PREMIER OBJECTIF : La gloire du Père. Le Fils pouvait-il envisager d’entreprendre une seule action qui n’ait pour mobile l’honneur de Dieu ? Certainement pas. Si son œuvre fut immense, elle n’eut jamais pour mobile sa gloire propre, son succès personnel. Tout entière, elle visait à exalter « celui qui l’avait envoyé » : Père… je t’ai glorifié sur la terre (Jean 17.4). Et parce qu’il tenait à remplir fidèlement et parfaitement sa mission, il consacra du temps – beaucoup de temps – à son Dieu. Il se plaisait en sa compagnie et avait avec lui de longs tête-à-tête afin de recevoir pour la journée les directives d’En-Haut : Je cherche, disait-il, la volonté de celui qui m’a envoyé (Jean 5.30). A nous de lui emboîter le pas, car le serviteur n’est pas plus-grand que son Maître. Est-ce que je tiens réellement à discerner les œuvres prioritaires préparées d’avance pour que je les accomplisse (Éphésiens 2.10) ? Alors, à l’exemple de Jésus, je donnerai du temps à sa Personne. Sans hâte et sans bavardage.
DEUXIÈME OBJECTIF du Sauveur : Les intérêts et la joie de ses semblables (des disciples en priorité). Le Fils de l’homme est venu, non pour être servi, mais pour servir et donner sa vie en rançon pour beaucoup (Marc 10.45). Jésus n’a pas failli à sa mission. Totalement « dépréoccupé » de lui-même, il s’est dépensé sans mesure en faveur des déshérités de la vie, se sacrifiant pour les pécheurs afin qu’ils aient en eux sa joie parfaite. Il a fait connaître son nom aux hommes (v. 26) et à pris un soin particulier de ceux qui l’ont suivi. N’est-ce pas là aussi la vocation de tout enfant de Dieu ? Ne nous lassons pas de faire le bien, recommande l’apôtre, car nous moissonnerons au temps convenable, si nous ne nous relâchons pas. Ainsi donc, pendant que nous en avons l’occasion, pratiquons le bien envers tous, et surtout envers les frères en la foi (Galates 6.9-10).

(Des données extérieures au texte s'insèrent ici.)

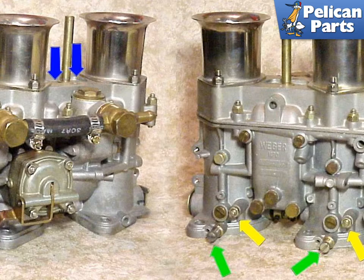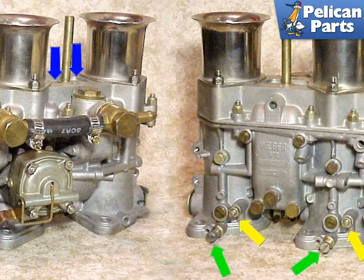This image indicates the adjustment points for the Weber carburetor. The white arrows indicate the idle adjustment screws. The green arrows point to the idle mixture adjustment screws. The yellow arrows indicate the air correction screws. The blue arrows indicate the location of the idle jets — this area must be kept clean.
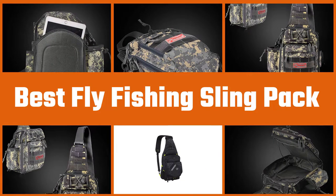Here are the five best fly fishing sling packs. Let's get started.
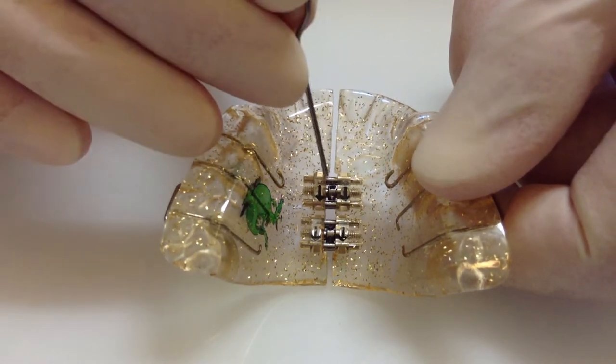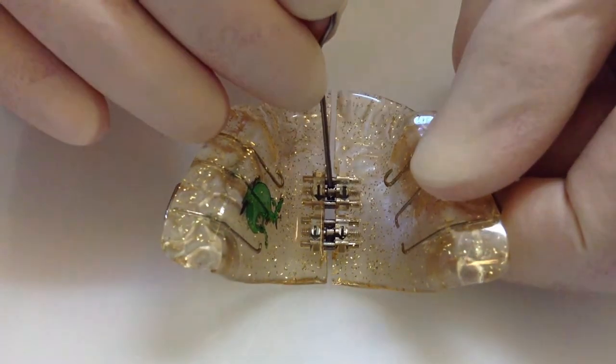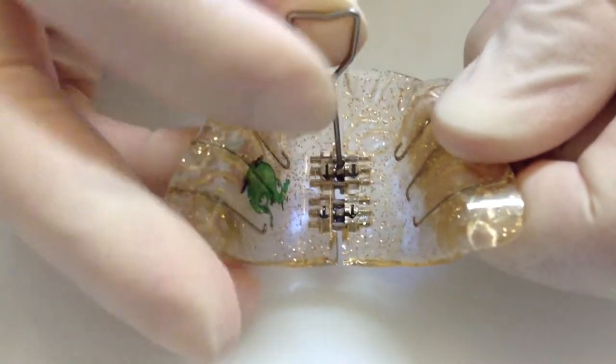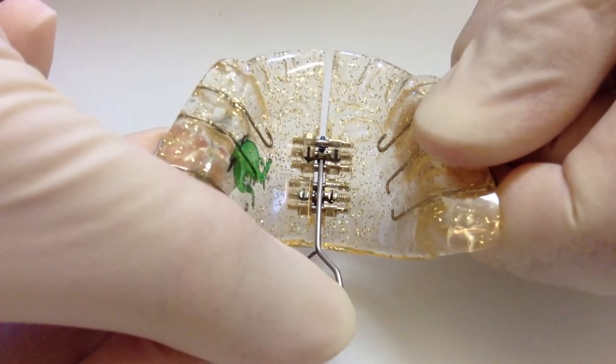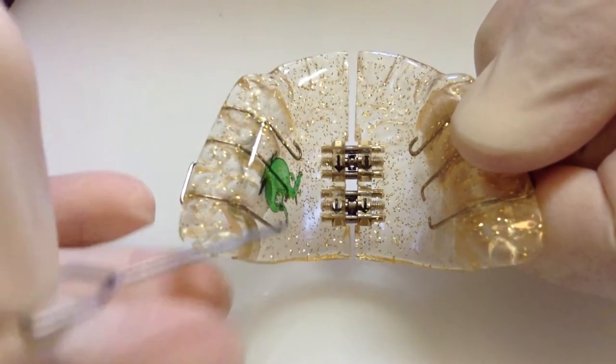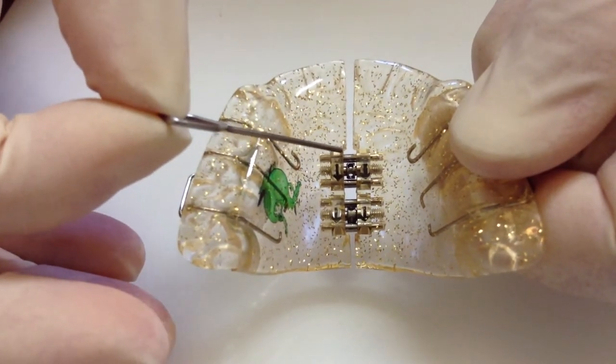There's a small hole here that you'd like to place your key into, and then turn in the direction of the arrows until you can't turn any further. Then just remove the key just like that. You should be able to see the next hole there.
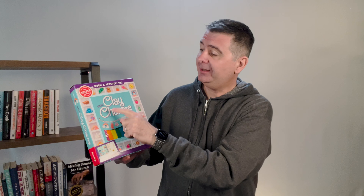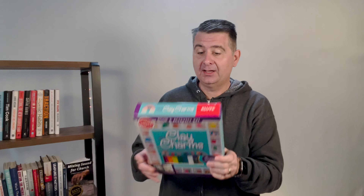Today we are looking at the Make Clay Charms kit. This kit comes with everything you need to make charms for bracelets, hanging, or even earrings. It says it comes with a display stand, a shaping tool, and glaze to put on your charms after you make them.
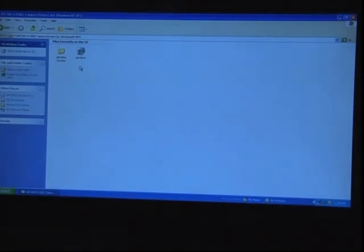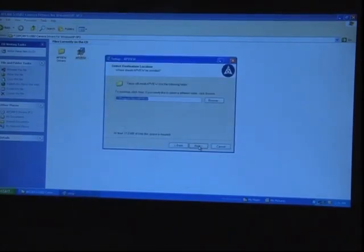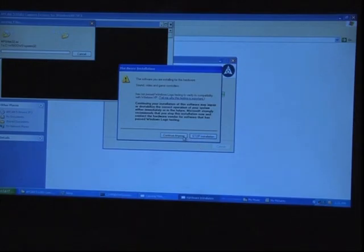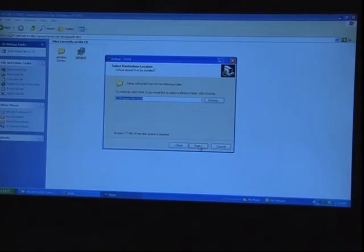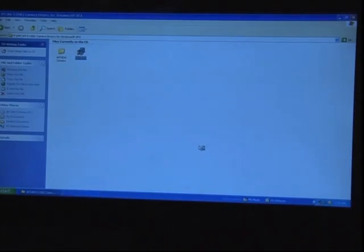As our OS is Windows XP, we enter the Windows XP folder. We go to the .exe file on the right-hand side and press Next. It extracts files and installs the software. Clicking 'Continue Anyway,' we accept the agreement, press Next, choose the path for the folder, click Install, and finish the installation. Now we have the software successfully installed on our desktop.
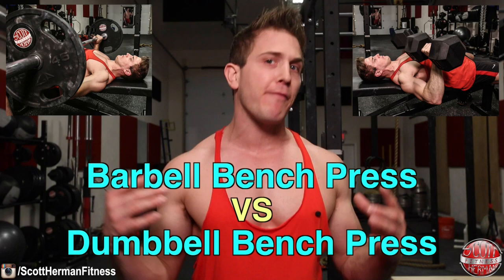What's going on nation and welcome to another episode of my versus series. Last time we compared the sumo deadlift versus the conventional deadlift, and if you missed it I'll put a link to that video down in the info section below. Now after reading all of your comments, next up is the barbell bench press versus the dumbbell bench press, to finally answer the question of which exercise builds more muscle.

Avant de réintégrer le ciel, Jésus établit le bilan de son œuvre passée : elle est colossale et sans faille. Il peut s’écrier sans hésitation aucune : « Mission accomplie. » En effet, son premier objectif, exalter le Père, a été pleinement atteint, puisqu’il a pu déclarer : Père… je t’ai glorifié sur la terre ; j’ai achevé l’œuvre que tu n’as donnée à faire (Jean 17.4). Quant au deuxième objectif : Travailler au bien et au salut des pécheurs, il l’a, point par point, réalisé : Je leur ai fait connaître ton nom… Je les ai préservés et aucun d’eux ne s’est perdu… Je les ai instruits puis envoyés à la conquête du monde (v. 26, 12, 14, 18). Qui peut tenir sans broncher de tels propos ? Aucun chrétien, pas même le plus fidèle, car nos bilans sont plutôt des sujets d’humiliation. Néanmoins, et avec son aide, je veux rechercher la gloire du Seigneur et travailler au bien et au salut des pécheurs… sans oublier d’examiner de temps à autre la tâche accomplie. Sans indulgence et pour mieux faire.
Une fois encore, le récit de la résurrection de Lazare nous instruira. Le S.O.S. de Marthe et Marie lancé à Jésus (Jean 11.3) est si alarmant que leMaître devrait prendre la route sans délai. Étonnement général : le Sauveur ne réagit pas, alors que son ami se meurt à Béthanie. Apparemment insensible à l’appel reçu, il temporise et retarde même son départ de plusieurs jours. Sciemment. Pourquoi donc ? Fidèle à sa ligne de conduite, il préfère choisir le bon moment pour opérer un miracle dont la portée et le retentissement dépasseront de loin ceux d’une simple guérison.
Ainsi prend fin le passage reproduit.